I am a woman writer attempting non-gendered acrobatics with concrete language that ignores genre boundaries. I did not know this early in my writing practice although Feminist Criticism texts lined library bookshelves. My first undergrad experience was at FIT. I was a fashion designer for nearly twenty years before coming to writing. My first mentors introduced me early on in my writing practice to experimental, metafiction texts and theory, which I embraced. I feasted and continue to feast on theory to inform my writing. Knowledge expands my perception and delimits my experience. My writing was corseted until I went back to school to complete my BFA in Goddard’s low residency program and began my MFA at City. Liberation from fiction’s conventional constraints particularly plot, and literary genre boundaries came from my feminist professors and feminist critical texts. My writing has been heavily influenced by the French focus on language, and the American focus on representation.

I write this after reading “Feminist Criticism and Hamlet” in our course reading guide. Ross C. Murfin brilliant concision of the various and sometimes competing forms of American, French, and British Feminist Critical theory puts all the dangling rhetoric into a comprehensive perspective. I suggest it is a must read. 

I hope Mira doesn’t mind my adding her comment to Vincent’s post that explains the next stage, I think, crucial phase in Feminist Criticism in equally concise terms. 

Mira said…

 I think you raise an interesting an important question here, Vincent. Feminism, by nature of it’s nomenclature, seems to be an exclusively “feminine” endeavor run by females. But I think the word “feminist” might be a misnomer.
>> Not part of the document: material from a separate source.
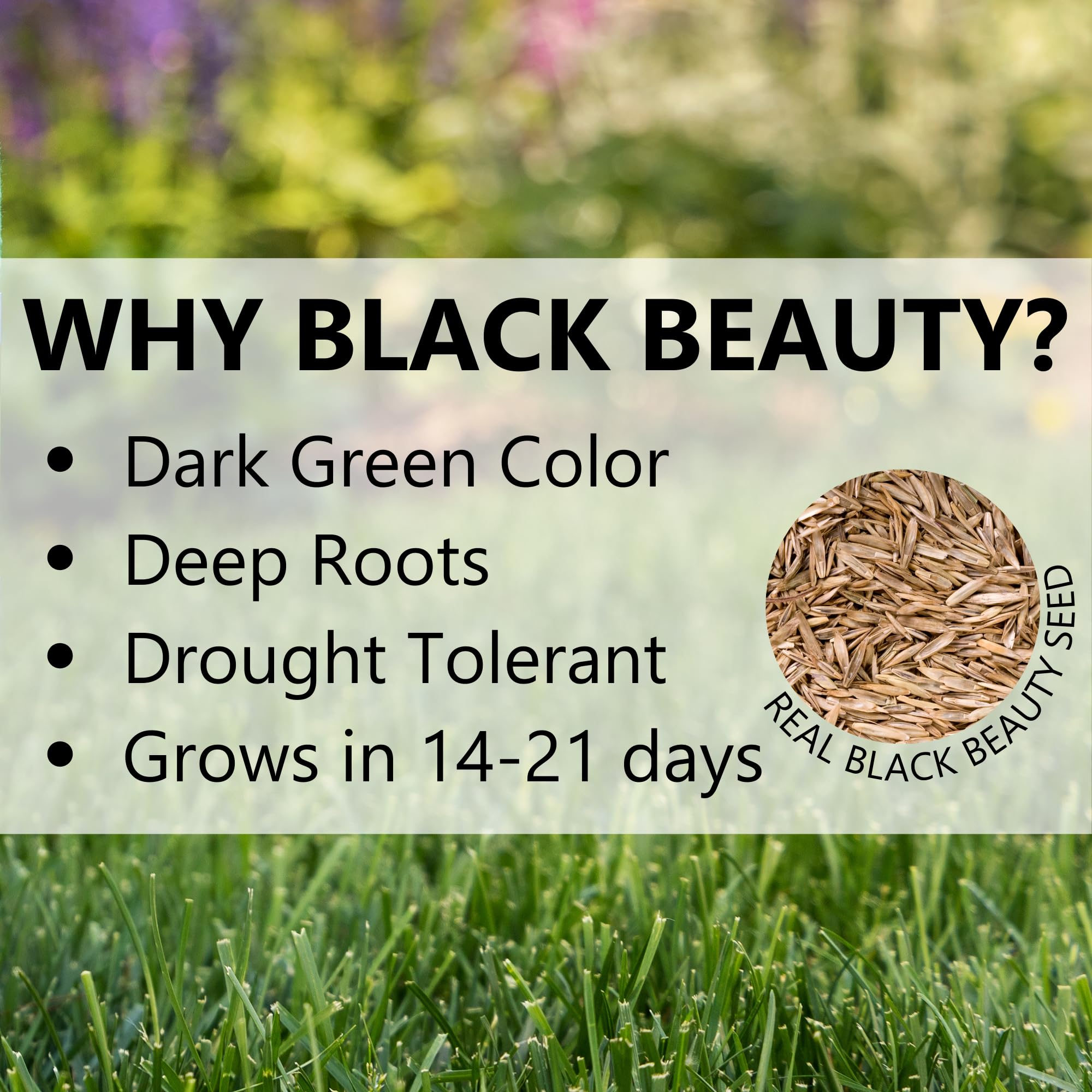 Germination 14 to 21 days for Black Beauty seed mix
I took a class in undergrad once that was called “Philosophy of Feminism.” I think when we examine feminism through a philosophical, rather than socio-cultural lens, the entire concept of gender and sexuality is called into question. I read Judith Butler for the first time in that class, and even though she identifies herself as a “feminist,” she argues that gender and sex are not just constructions, but performances. Anyone who adheres to a specific sexual identity is essentially “in drag.” A provocative statement! Anyway, my point is that it is the responsibility of feminists to call into question not just causes that affect women; the subjugation of women is only the tip of the ice burg. Rather it is conceptions and constructions of sex and gender that are really the at the heart of the problem.